* [PATCH rc] iommu: Fix false ownership failure on AMD systems with PASID activated
@ 2022-09-09 19:46 Jason Gunthorpe
2022-09-09 20:10 ` Robin Murphy
2022-09-11 6:29 ` Joerg Roedel
0 siblings, 2 replies; 3+ messages in thread
From: Jason Gunthorpe @ 2022-09-09 19:46 UTC (permalink / raw)

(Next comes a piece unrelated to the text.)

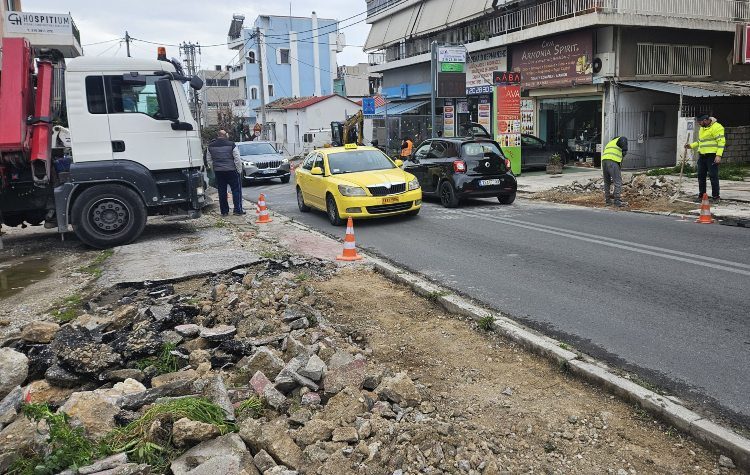 Παρεμβάσεις του Δήμου σε πεζοδρόμια της Λεωφόρου Ηρακλείου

To: iommu, Joerg Roedel, Robin Murphy, Suravee Suthikulpanit,
Will Deacon
The AMD IOMMU driver cannot activate PASID mode on a RID without the RID's
translation being set to IDENTITY. Further it requires changing the RID's
page table layout from the normal v1 IOMMU_DOMAIN_IDENTITY layout to a
different v2 layout.
It does this by creating a new iommu_domain, configuring that domain for
v2 identity operation and then attaching it to the group, from within the
driver. This logic assumes the group is already set to the IDENTITY domain
and is being used by the DMA API.
However, since the ownership logic is based on the group's domain pointer
equaling the default domain to detect DMA API ownership, this causes it to
look like the group is not attached to the DMA API any more. This blocks
attaching drivers to any other devices in the group.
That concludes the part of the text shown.